Does anyone know if any company makes a coilovers suspension system for our x-trail? I searched and no one seems to make anything for it.....


----------



## thetimster (May 6, 2005)

I've searched the Japanese companies since I'm looking for one as well... no luck so far.   :balls:


----------



## jtanoyo1 (May 15, 2005)

Darn it. I know a guy in Singapore who has installed it. But he lurks around in qr25de.net and not here.....I am still waiting for his reply... :fluffy:


----------



## thetimster (May 6, 2005)

Sergei, what quote did you get when you asked for the coilovers in Hotbits?
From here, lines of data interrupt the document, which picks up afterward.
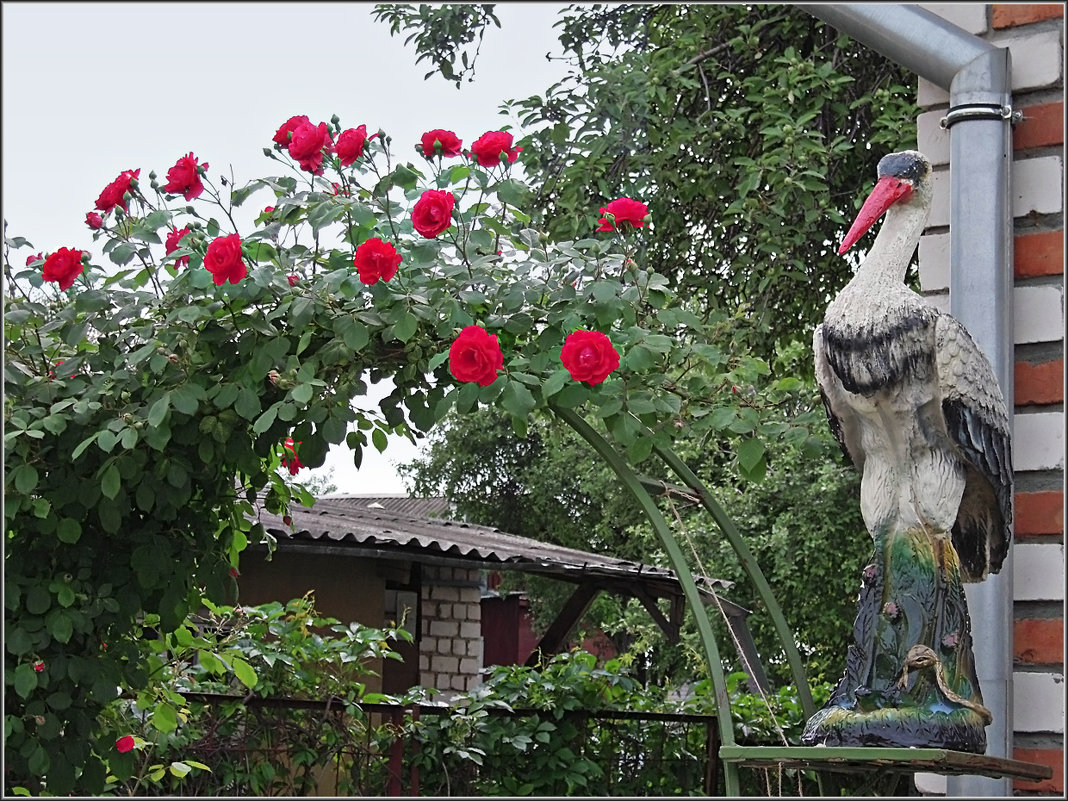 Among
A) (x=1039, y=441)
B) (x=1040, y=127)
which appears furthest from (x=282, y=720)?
(x=1040, y=127)

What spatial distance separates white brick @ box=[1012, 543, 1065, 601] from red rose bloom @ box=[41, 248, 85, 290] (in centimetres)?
179

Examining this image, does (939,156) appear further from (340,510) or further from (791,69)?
(340,510)

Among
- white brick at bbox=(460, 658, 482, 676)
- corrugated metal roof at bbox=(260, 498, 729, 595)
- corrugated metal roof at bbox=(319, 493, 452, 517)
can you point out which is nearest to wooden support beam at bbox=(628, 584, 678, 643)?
corrugated metal roof at bbox=(260, 498, 729, 595)

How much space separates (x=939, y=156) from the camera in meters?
2.52

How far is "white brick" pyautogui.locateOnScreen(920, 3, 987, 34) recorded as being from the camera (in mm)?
2428

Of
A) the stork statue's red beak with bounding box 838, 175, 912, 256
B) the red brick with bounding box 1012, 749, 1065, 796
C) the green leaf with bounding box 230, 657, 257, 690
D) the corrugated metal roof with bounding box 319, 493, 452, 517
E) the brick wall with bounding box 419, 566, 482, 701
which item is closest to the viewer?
the stork statue's red beak with bounding box 838, 175, 912, 256

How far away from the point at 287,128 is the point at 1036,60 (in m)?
1.40

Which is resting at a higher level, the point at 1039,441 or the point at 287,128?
the point at 287,128

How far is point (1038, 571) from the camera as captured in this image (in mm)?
2307

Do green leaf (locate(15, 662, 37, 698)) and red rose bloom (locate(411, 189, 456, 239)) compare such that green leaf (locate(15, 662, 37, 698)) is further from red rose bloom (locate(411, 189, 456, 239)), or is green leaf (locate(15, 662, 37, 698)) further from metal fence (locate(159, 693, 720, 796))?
metal fence (locate(159, 693, 720, 796))

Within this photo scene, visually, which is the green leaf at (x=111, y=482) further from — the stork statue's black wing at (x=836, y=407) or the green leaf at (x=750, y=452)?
the stork statue's black wing at (x=836, y=407)

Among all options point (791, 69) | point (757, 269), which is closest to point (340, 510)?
point (757, 269)

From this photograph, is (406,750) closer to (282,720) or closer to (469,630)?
(282,720)

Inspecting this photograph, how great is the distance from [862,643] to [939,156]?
3.48ft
I got a quote through my friend of Sing $1,300. I don't have any information on how long wait time is. But I'm told it wasn't readily available. 

Just curious...

Thanks!


----------



## Sergei_dekker (Jun 4, 2005)

thetimster said:


> Sergei, what quote did you get when you asked for the coilovers in Hotbits? I got a quote through my friend of Sing $1,300. I don't have any information on how long wait time is. But I'm told it wasn't readily available.
> 
> Just curious...
> 
> Thanks!


 yup thats the price....u'll have to really confirm it with the guy before he orders it....as i said before most fellas who own this car in my country are middle aged men


----------



## thetimster (May 6, 2005)

Well I'm hoping to get my fingers on a set. Keep you posted on any developments.


----------